Here's video demonstrating a fog effect. However, it doesn't show manually creating Z depth matte -

Other method I would think is better (or easier) is to film with stereo camera setup. Then, bring both left and right images into Fusion (for this you would need Fusion Stuido) and have the stereo images create your Z depth matte. Then, the 3DFog or Volume Fog would work.

This video demonstrates stereo camera work and depth masks -

At 1:14, Eric talks about creating depth matte from polyline masks. This is what you would manually create for the example above. You would then animate the polyline masks as your creature was moving through the fog.

Yeah, it's really the manual creation of the Z depth matte that seems to be the tricky part -- but if Fusion can generate that from stereo data then that's it!  Stereoscopic 3D is so much simpler in stopmo than live-action... this would be a fantastic alternate application.

I'm still going to test out my theoretical setup using light fall-off to create the depth mask in-camera (testing with normal light and a monochromatic puppet at first), but I think Fusion + stereo shooting is ultimately the actual solution I'm looking for.  Thanks Ernest!

A colleague of mine has been experimenting with the "stereo camera setup" that Ernest just mentioned. Here's a video explanation: 

Basically, you'll need a stereo slider under your camera that will move it a few millimetres to the right for a second picture for every frame you take. Then there's software like this ( that you can feed both streams of images into, and it will generate a depth matte based on parallax.

I wonder if this video (behind the scenes of Coraline) could be of any help to you:) If you're still working on a solution I recommend checking this out!

That stereo idea sounds interesting - might finally be a reason to shoot in stereo.  (I thought I should try it, and shot my Harryhausen 90th birthday tribute in stereo, but really didn't get much out of it, and I usually go see the 2d version of movies now.)  

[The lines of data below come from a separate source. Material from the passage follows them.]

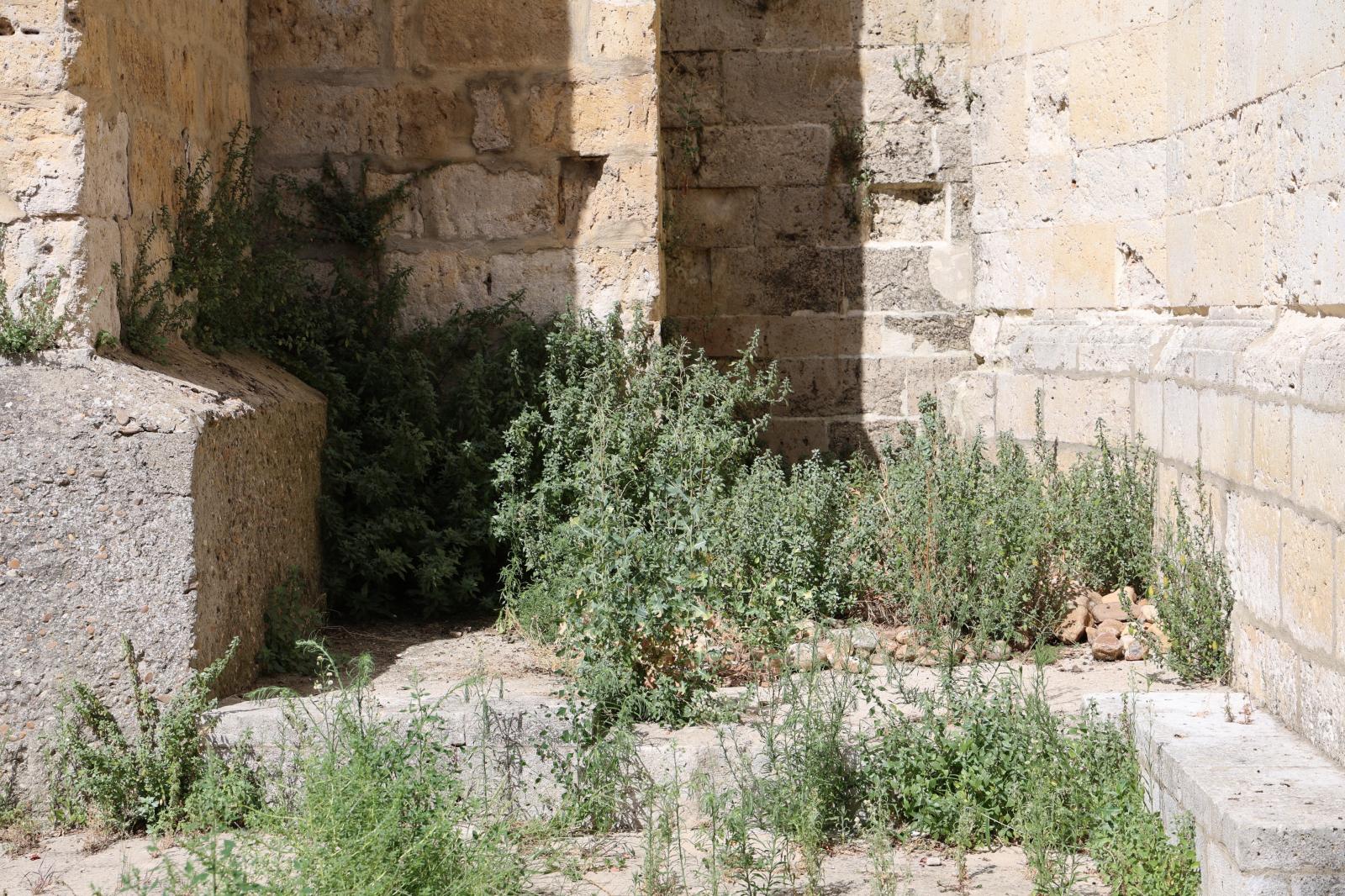 Lateral del Monasterio de la Santa Espina.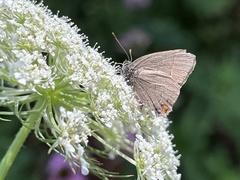 Satyrium calanus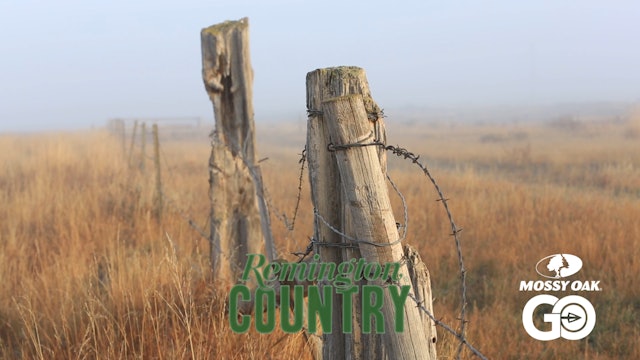 Big Sky Deer • Remington Country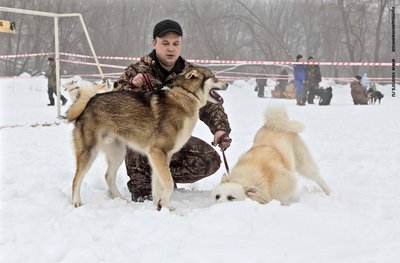 IMG_0097-Л+Ф.JPG
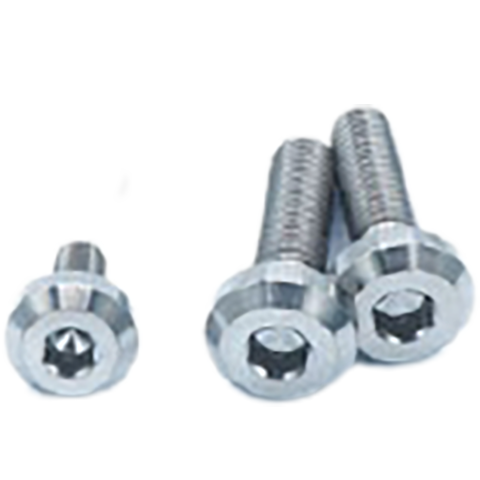 Dress Up Bolts Titanium Thermostat Hardware Kit | 2015-2021 Dodge Charger 392 Scat Pack (DOD-009-Ti-XXX)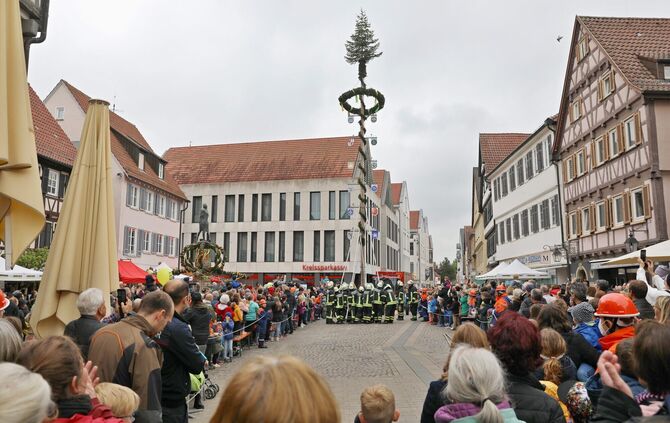 Maibaum-Aufstellung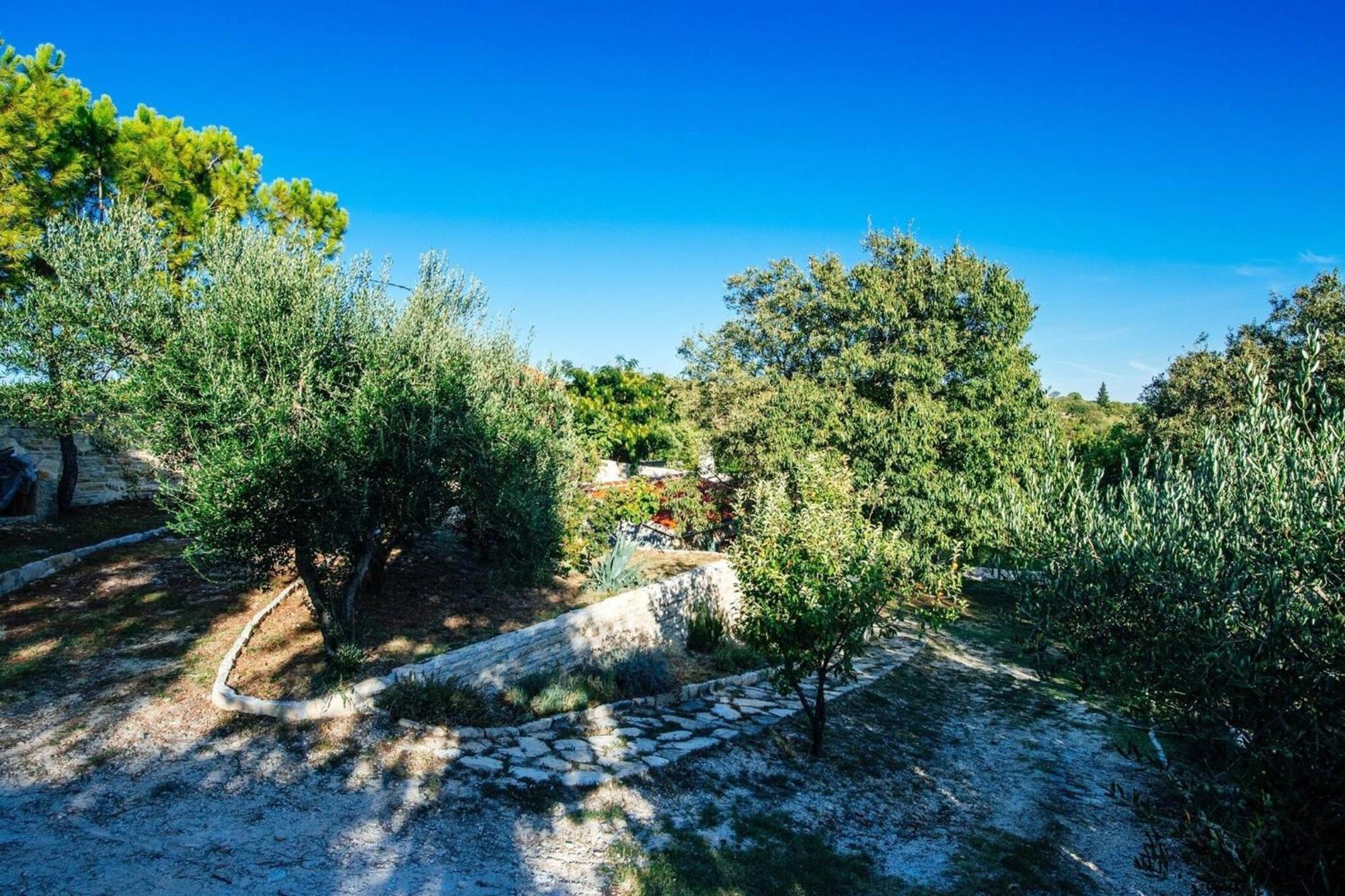 My Dalmatia - Holiday Home Korlat With Private Pool Benkovac Exterior foto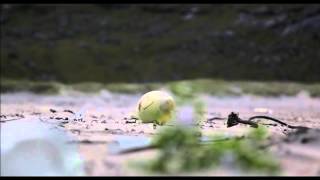 North of the Sun - Breeders - Cro-Aloha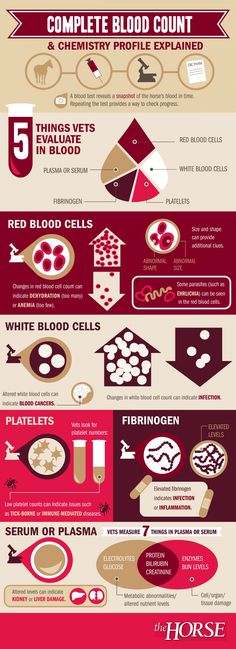 an info poster with different types of food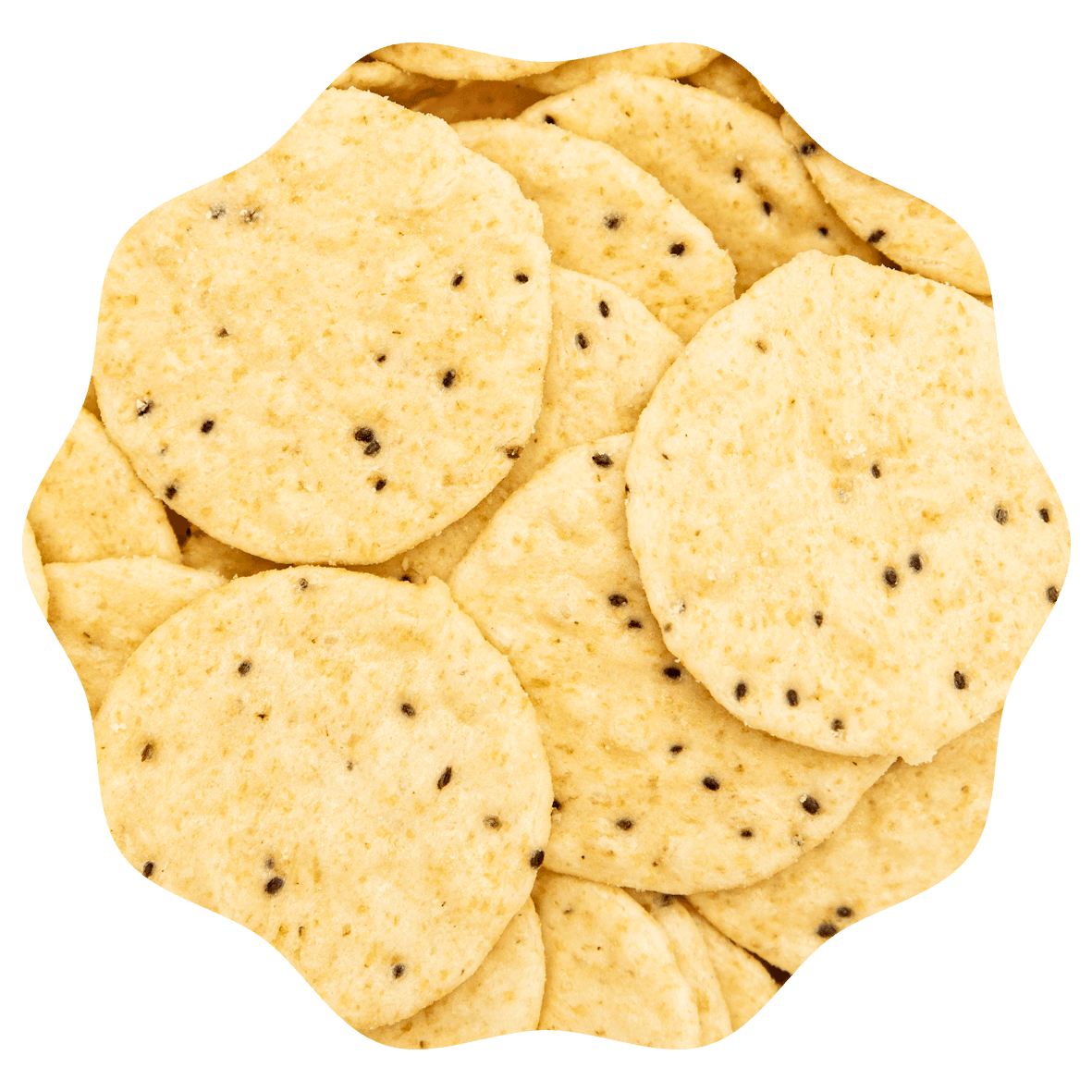 CRACKERS AU SEL MARIN DE RANOBO
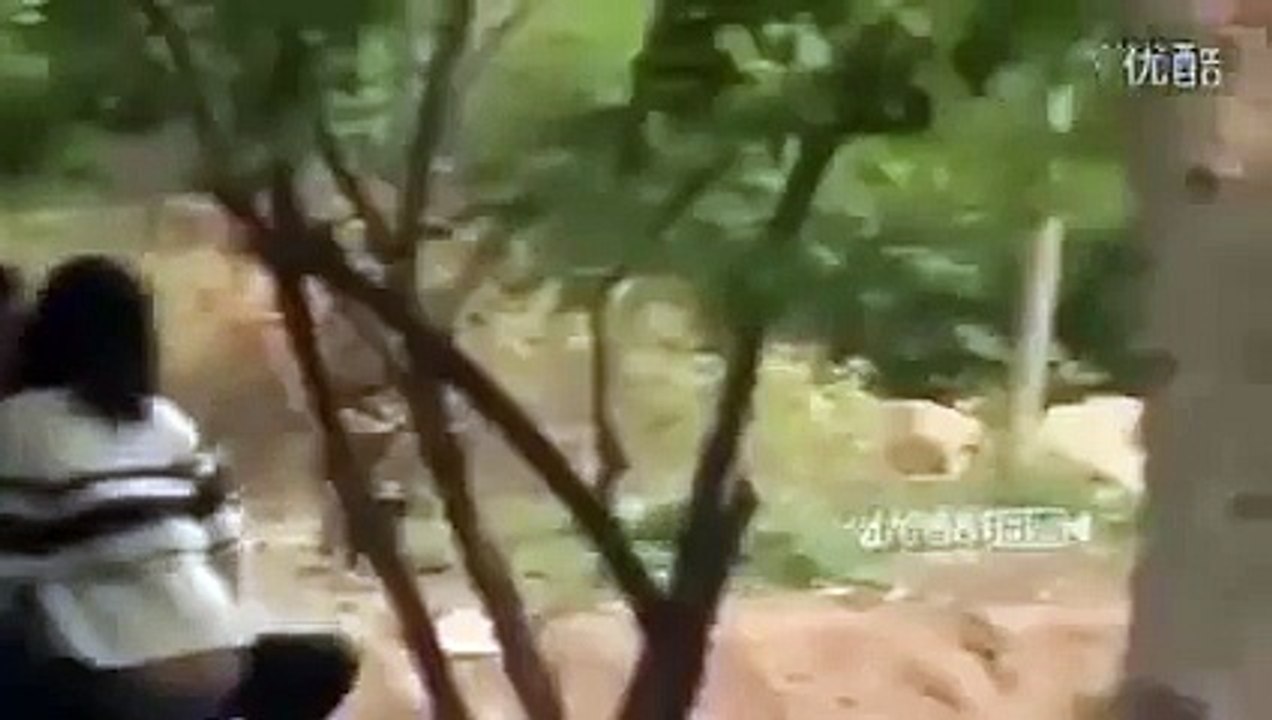 Đôi nam nữ thản nhiên mây mưa trong công viên 2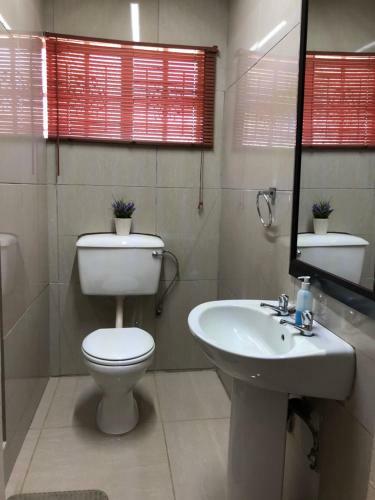 Hostal The Lavender Guesthouse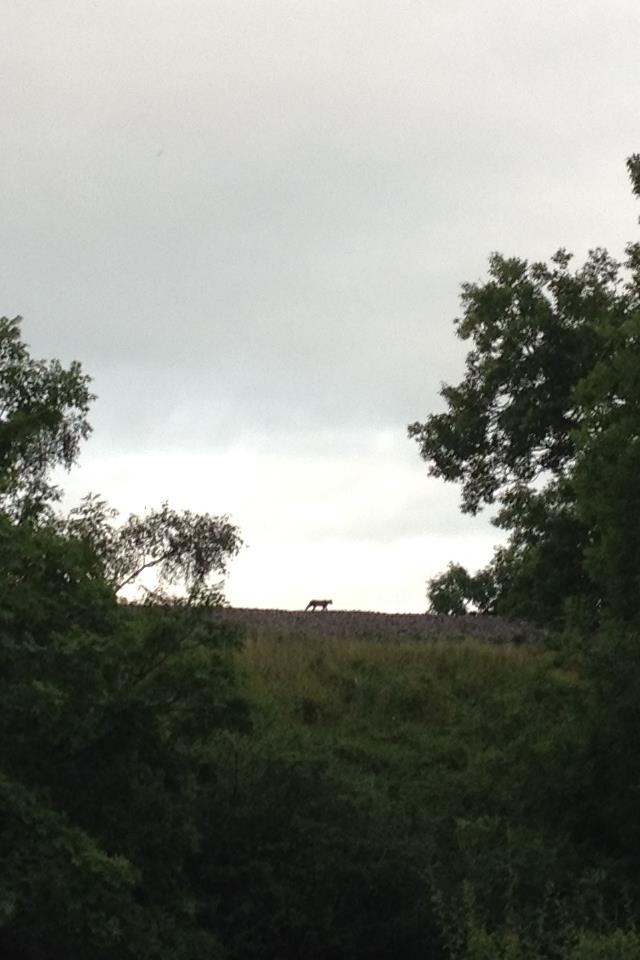 Beast of Cumbria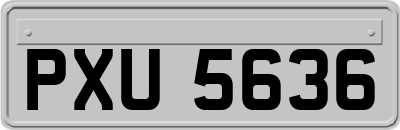 PXU5636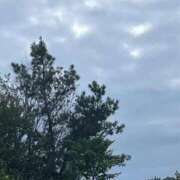 ヒメ日記 2026/09/18 03:25 投稿 夢倉さわ コウテイ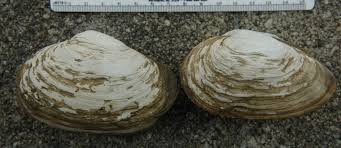 Attēlu rezultāti vaicājumam “Mya arenaria”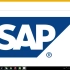 什么是SAP ERP?
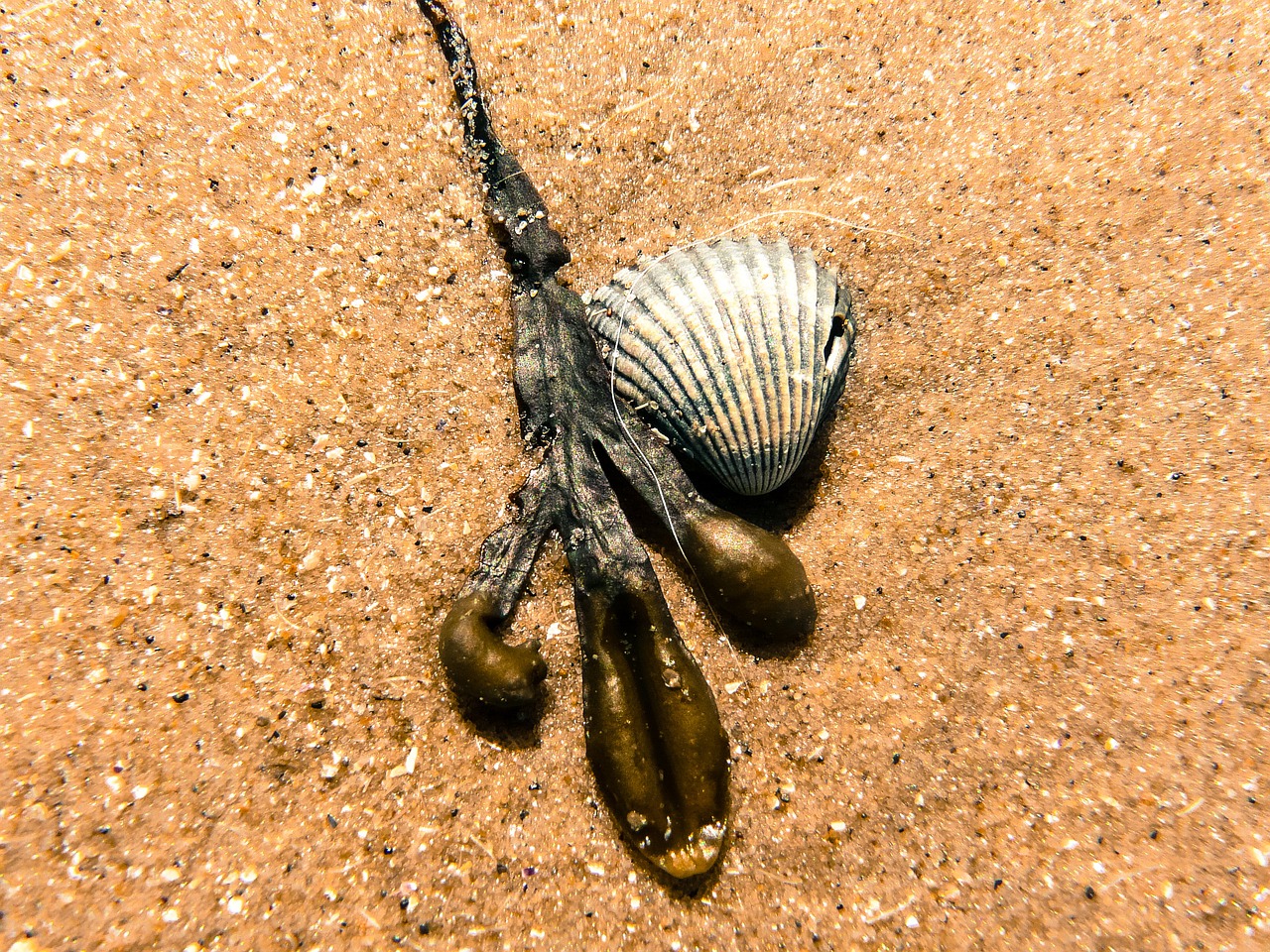 beach shell seaweed free photo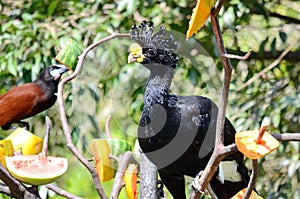 Great curassow, male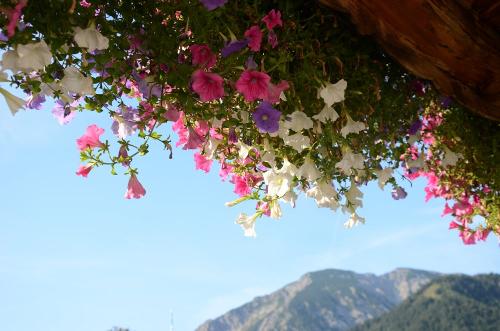 Blumen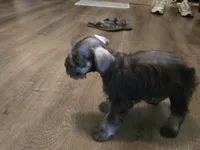 Pixie, a female Miniature Schnauzer for sale in Fruitvale, TX – Photo 6 of 8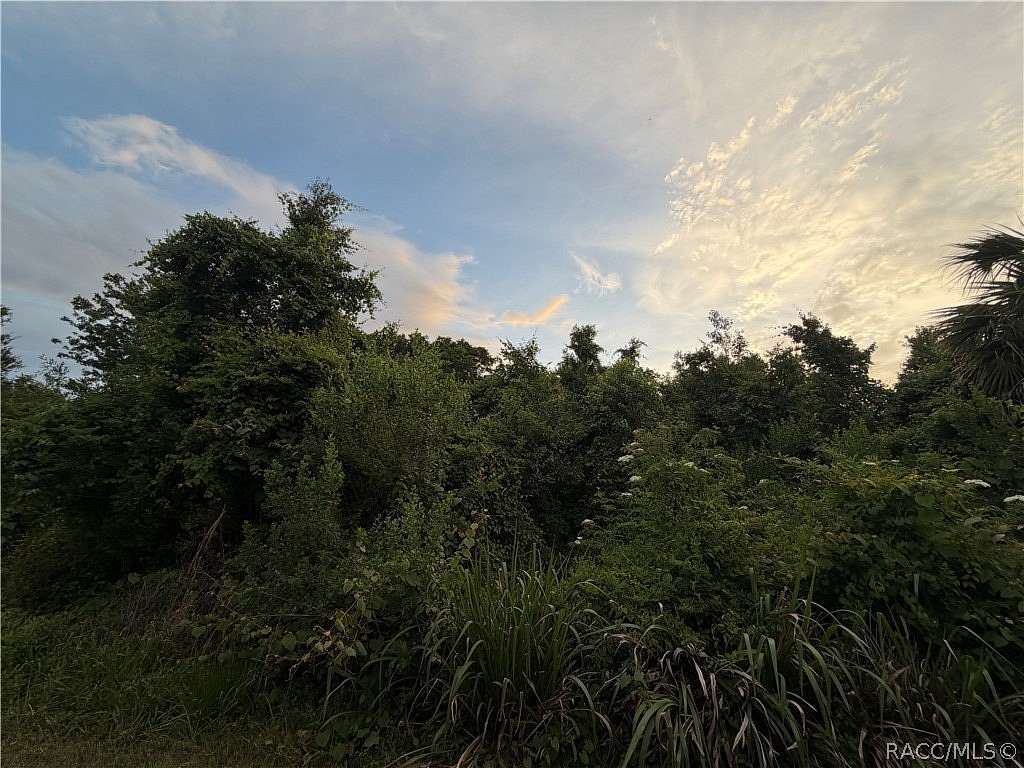 0.2 Acres of Residential Land for Sale in Crystal River, Florida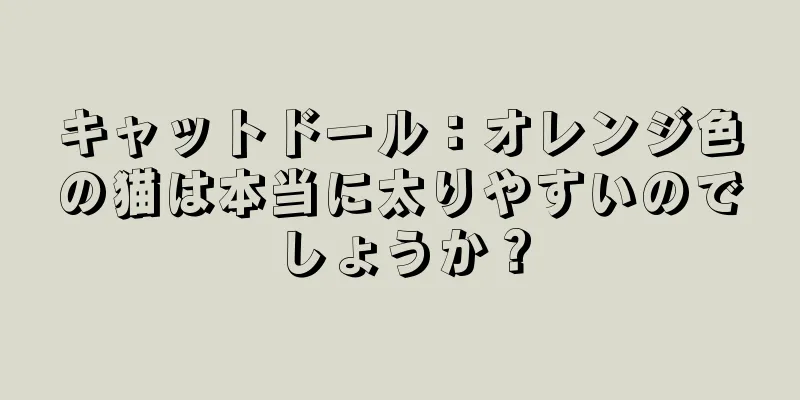 キャットドール：オレンジ色の猫は本当に太りやすいのでしょうか？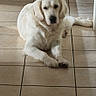 Sibye a rejoint le concours — aidez-le/la à gagner de superbes lots ! animal, calm, canine, companion, dog, domestic, door, floor_tiles, fur, golden_retriever, hallway, indoor, light_and_shadow, lying_down, mammal, pet, portrait, quiet, resting, tiled_floor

You can use a 3d slider with Stopmotion Pro or Dragonframe, and it moves automatically when you take the frame.  That takes most of the pain out of shooting each frame twice.  But you can also do it for no money at all, with a home-made manual slider.  That could be the way to try it out.  I made one out of wood, with a screw to adjust the point where the slider stopped when sliding over from the left view to the right view.  If I had wanted to do more 3d I would have bought the electronic slider.  

So far the plug-ins for AE I have tested - Reel Smart Motion Blur, and Twixtor (for slowing down), and another slow-mo one I forget the name of, have been disappointing.   The background smears and drags along, and in the end I couldn't get anything usable.  I got a better results for some shots just using the built-in stuff in AE.  For other shots, nothing quite worked well enough.  I would expect that this would also be the case with this depth map generating software - they would naturally show demo scenes where it worked well, and not the ones where there were too many artifacts.  But if there is a free demo version it would be worth checking out.  I'm not naturally good with computer solutions,  and especially not with After Effects, so others with more of an affinity might get better results.  

I know that I would like to see a hansom cab coming down a cobbled street, emerging from the fog as it gets closer, and that's a very long object or collection of objects.   The horse's head would emerge much sooner than it's rump, and that would come in well before the spoked wheels on the cab, or the cabby perched on the back.  And it is not a series of flat planes, but a continuous gradation.  If this could deal with that, it would be pretty amazing.